Arun doorstep fundraiser regulations criticised as 'overbearing'
More stringent regulations on doorstep fundraisers are to be introduced in parts of West Sussex.
Arun District Council said it wants to make sure every charity fundraiser knocking on a door in the area is properly vetted.
However, the policy has been described as "overbearing" by the Institute of Fundraising.
And councillors have admitted there had been no complaints about doorstep sellers from residents.
In a report the council said it would be checking on how fundraising staff were recruited, how much commission they charge and how many people would be visiting an area, before licences were granted.
Graham Tyler, chairman of licensing enforcement at Arun District Council, said: "Every charity that was coming to us, we found there were discrepancies in the way they recruited their staff and the training that they gave.
"As a licensing committee, with the amount of applications we were getting and the difference between the companies out there, we felt they [the charities] should have one policy and one set of criteria."
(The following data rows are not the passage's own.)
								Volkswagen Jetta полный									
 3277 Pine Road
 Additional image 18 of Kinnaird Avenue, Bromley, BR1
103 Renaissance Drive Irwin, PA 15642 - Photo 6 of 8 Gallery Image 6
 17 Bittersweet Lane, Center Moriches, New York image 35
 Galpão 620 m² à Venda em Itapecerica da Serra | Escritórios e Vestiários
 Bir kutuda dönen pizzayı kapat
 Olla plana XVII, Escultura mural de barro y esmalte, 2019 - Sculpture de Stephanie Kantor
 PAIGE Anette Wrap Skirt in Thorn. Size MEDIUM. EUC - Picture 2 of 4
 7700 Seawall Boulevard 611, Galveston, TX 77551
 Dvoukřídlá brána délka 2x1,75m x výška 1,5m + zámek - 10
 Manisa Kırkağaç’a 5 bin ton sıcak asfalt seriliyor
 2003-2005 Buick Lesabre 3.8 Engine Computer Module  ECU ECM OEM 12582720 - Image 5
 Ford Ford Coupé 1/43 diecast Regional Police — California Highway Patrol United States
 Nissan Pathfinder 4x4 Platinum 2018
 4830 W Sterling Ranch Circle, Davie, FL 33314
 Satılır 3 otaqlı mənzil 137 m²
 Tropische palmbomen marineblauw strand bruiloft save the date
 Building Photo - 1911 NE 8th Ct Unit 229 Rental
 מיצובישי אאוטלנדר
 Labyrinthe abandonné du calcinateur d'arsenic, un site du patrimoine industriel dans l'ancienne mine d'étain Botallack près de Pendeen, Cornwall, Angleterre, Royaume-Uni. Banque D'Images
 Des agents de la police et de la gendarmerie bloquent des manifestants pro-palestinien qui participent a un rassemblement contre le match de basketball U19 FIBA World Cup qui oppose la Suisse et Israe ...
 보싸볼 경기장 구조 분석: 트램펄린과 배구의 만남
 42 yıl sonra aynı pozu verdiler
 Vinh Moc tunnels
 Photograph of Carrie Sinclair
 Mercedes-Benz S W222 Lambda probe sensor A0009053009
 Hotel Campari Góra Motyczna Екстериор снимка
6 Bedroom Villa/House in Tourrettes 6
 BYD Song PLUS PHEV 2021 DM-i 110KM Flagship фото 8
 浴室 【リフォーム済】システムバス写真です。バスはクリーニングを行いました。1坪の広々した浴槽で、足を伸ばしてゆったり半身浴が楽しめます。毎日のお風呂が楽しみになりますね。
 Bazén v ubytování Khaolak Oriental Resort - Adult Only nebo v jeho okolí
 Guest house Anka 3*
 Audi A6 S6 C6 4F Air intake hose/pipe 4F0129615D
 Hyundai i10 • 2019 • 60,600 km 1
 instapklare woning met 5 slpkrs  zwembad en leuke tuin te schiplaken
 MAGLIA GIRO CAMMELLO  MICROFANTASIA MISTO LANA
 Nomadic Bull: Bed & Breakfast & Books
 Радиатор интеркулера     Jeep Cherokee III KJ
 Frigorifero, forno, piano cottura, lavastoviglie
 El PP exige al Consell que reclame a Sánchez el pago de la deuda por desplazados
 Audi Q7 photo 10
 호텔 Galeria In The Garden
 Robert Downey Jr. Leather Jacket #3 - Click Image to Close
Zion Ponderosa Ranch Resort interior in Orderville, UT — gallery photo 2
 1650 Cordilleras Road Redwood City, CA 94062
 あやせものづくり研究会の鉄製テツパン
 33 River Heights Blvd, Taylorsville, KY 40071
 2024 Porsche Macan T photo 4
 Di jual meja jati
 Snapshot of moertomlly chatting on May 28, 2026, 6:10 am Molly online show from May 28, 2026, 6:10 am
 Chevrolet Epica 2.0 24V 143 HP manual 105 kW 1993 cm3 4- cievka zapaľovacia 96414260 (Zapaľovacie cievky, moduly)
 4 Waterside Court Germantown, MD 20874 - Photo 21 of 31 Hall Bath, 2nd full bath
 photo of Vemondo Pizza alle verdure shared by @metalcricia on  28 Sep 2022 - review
However, he added: "I must admit we have not had any of our residents in Arun phoning up and complaining about the doorstep sellers."
Ed Wyatt, policy officer at the Institute of Fundraising, a professional membership body for UK fundraising, said the policy was "overbearing, intrusive and unnecessary".
"I think the major issue here is making sure there is that difference, that line, that balance between what is criminal and what is perfectly legal," he said.
"Throughout all direct debit collection techniques on the street and on the doorstep, of the two million donors signed up, only 0.01% of those made complaints."